I also extensively tried using the RSACryptoServiceProvider to verify hash's resulting from the encryption using OpenSSL. For example, I would do a private key encryption using a SHA256 hash of the plaintext, then try to do a RSACryptoServiceProvider verify on that signature, and it does not work. I think the way MS does this is non standard and there are perhaps special customization at work with that.

So, the alternative is this question, which is simply taking private key encrypted ciphertext and using C# to decrypt it, thus, verifying it's authenticity. Hashes can be incorporated to make a simple signature verification system for data objects signed by the server and verified on the client.

I've looked through the PKCS1 RFC's, OpenSSL rsa source code, and other projects, I cannot get a solid answer on how to account for PKCS1 padding when doing my RSA Decrypt. I cannot locate where in the OpenSSL source code they handle the PKCS1 padding, otherwise, I might have an answer by now.

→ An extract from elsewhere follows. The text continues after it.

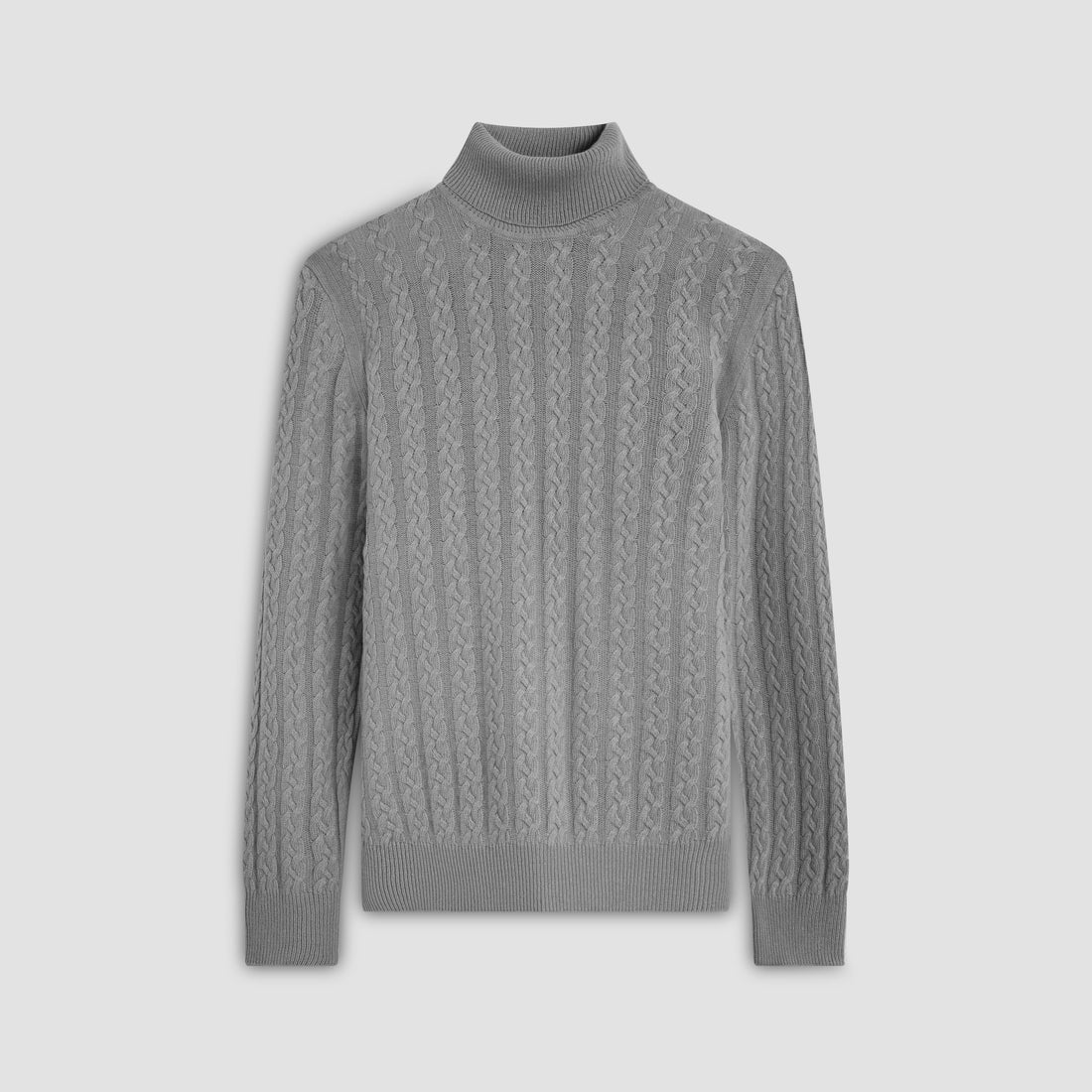 Solid Cable Turtleneck Sweater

Also, this is my first question, I know it's a duplicate of an unanswered question, so, what to do? I googled that too, and found nothing.

The other thing I don't understand is why my decrypt method doesn't work. Since padding is removed after decryption, my decrypted data should resemble plaintext, and it's not even close. So, I'm almost sure that pkcs1 padding means that other things are happening, specifically, to the ciphertext which means that the ciphertext must be preprocessed prior to decryption to remove padding elements.

Perhaps simply filtering the ciphertext to remove padding elements is the simplest solution here...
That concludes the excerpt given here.